[Collected data]
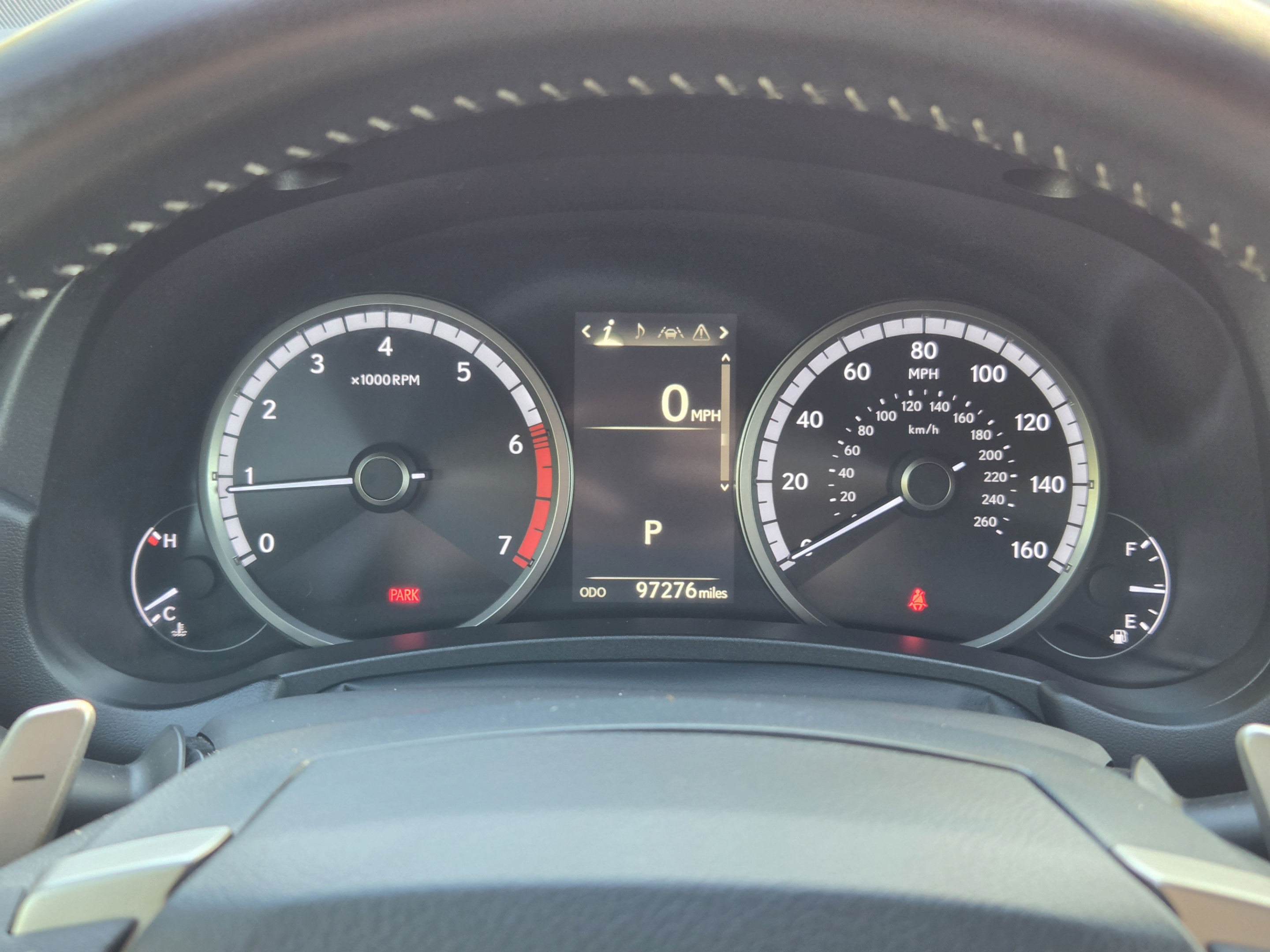 Used 2019 Lexus NX 300 F Sport w/ F Sport Premium Package FWD image 9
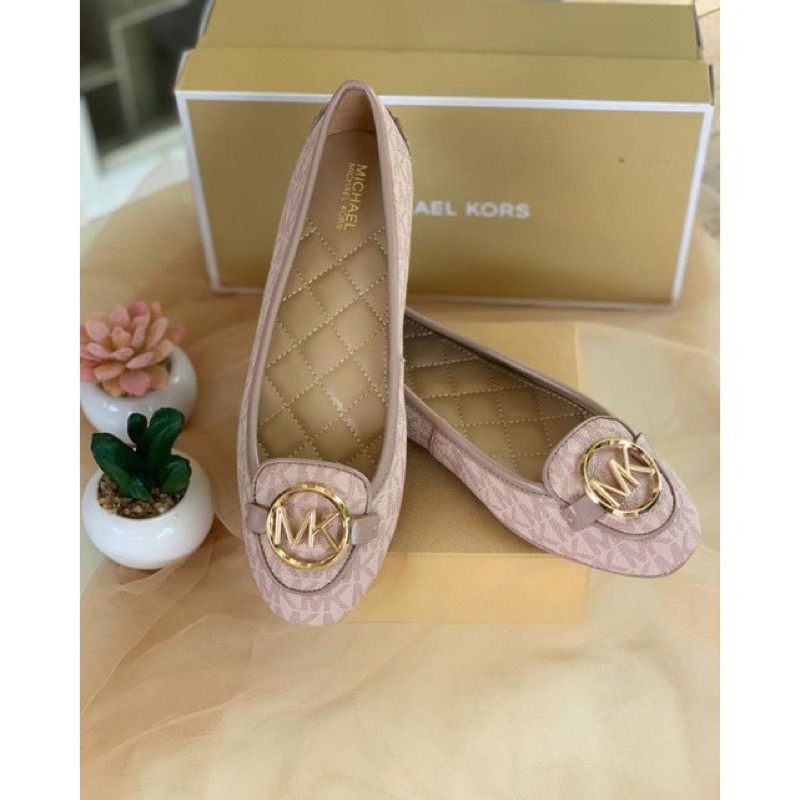 MK Lilie Moccasins - Multi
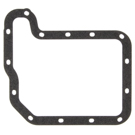 2000 Mercury Cougar Transmission Oil Pan Gasket 1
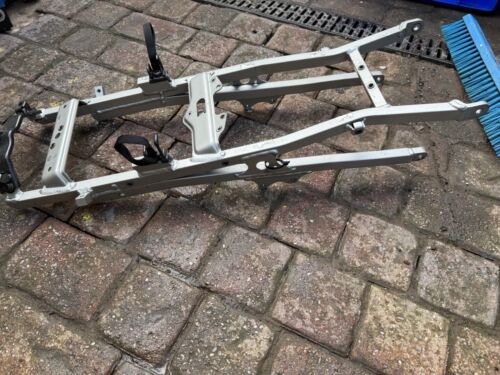 Kawasaki ZX6R G ZX6RG 1998-1999 Rear Back Sub Frame - Picture 2 of 4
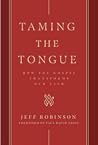 Taming the Tongue...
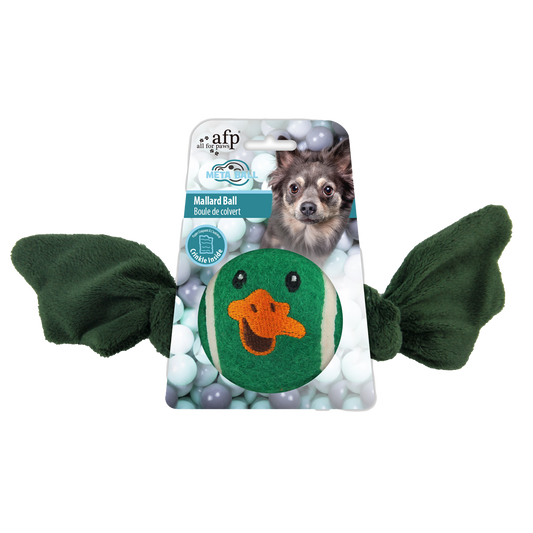 AFP Meta Ball Pato Bola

### TASK DETAILS
Repeat all of the data above word for word, minus the pictures.

### OUTPUT OF THE TASK
 Used 2019 Lexus NX 300 F Sport w/ F Sport Premium Package FWD image 9
 MK Lilie Moccasins - Multi
 2000 Mercury Cougar Transmission Oil Pan Gasket 1
 Kawasaki ZX6R G ZX6RG 1998-1999 Rear Back Sub Frame - Picture 2 of 4
 Taming the Tongue...
 AFP Meta Ball Pato Bola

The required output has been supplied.